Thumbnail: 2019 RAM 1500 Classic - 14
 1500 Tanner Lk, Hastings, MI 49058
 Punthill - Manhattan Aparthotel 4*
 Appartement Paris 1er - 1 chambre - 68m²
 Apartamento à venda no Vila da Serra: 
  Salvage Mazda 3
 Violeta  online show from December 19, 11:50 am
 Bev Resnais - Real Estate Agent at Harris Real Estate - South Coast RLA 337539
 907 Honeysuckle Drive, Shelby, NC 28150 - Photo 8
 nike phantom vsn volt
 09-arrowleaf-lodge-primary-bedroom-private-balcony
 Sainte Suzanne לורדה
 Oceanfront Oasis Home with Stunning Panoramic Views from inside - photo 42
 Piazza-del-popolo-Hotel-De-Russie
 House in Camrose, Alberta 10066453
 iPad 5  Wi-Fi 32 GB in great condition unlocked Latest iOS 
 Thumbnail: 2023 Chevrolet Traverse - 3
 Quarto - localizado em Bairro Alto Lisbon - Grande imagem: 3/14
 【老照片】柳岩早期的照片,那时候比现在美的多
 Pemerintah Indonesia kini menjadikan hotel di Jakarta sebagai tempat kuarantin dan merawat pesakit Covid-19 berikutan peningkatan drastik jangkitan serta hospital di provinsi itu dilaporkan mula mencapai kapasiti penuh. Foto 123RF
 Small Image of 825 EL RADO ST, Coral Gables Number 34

——————————

_Your instructions_.
Reproduce all of the entries verbatim.

_Your solution_.
Thumbnail: 2019 RAM 1500 Classic - 14
 1500 Tanner Lk, Hastings, MI 49058
 Punthill - Manhattan Aparthotel 4*
 Appartement Paris 1er - 1 chambre - 68m²
 Apartamento à venda no Vila da Serra: 
  Salvage Mazda 3
 Violeta  online show from December 19, 11:50 am
 Bev Resnais - Real Estate Agent at Harris Real Estate - South Coast RLA 337539
 907 Honeysuckle Drive, Shelby, NC 28150 - Photo 8
 nike phantom vsn volt
 09-arrowleaf-lodge-primary-bedroom-private-balcony
 Sainte Suzanne לורדה
 Oceanfront Oasis Home with Stunning Panoramic Views from inside - photo 42
 Piazza-del-popolo-Hotel-De-Russie
 House in Camrose, Alberta 10066453
 iPad 5  Wi-Fi 32 GB in great condition unlocked Latest iOS 
 Thumbnail: 2023 Chevrolet Traverse - 3
 Quarto - localizado em Bairro Alto Lisbon - Grande imagem: 3/14
 【老照片】柳岩早期的照片,那时候比现在美的多
 Pemerintah Indonesia kini menjadikan hotel di Jakarta sebagai tempat kuarantin dan merawat pesakit Covid-19 berikutan peningkatan drastik jangkitan serta hospital di provinsi itu dilaporkan mula mencapai kapasiti penuh. Foto 123RF
 Small Image of 825 EL RADO ST, Coral Gables Number 34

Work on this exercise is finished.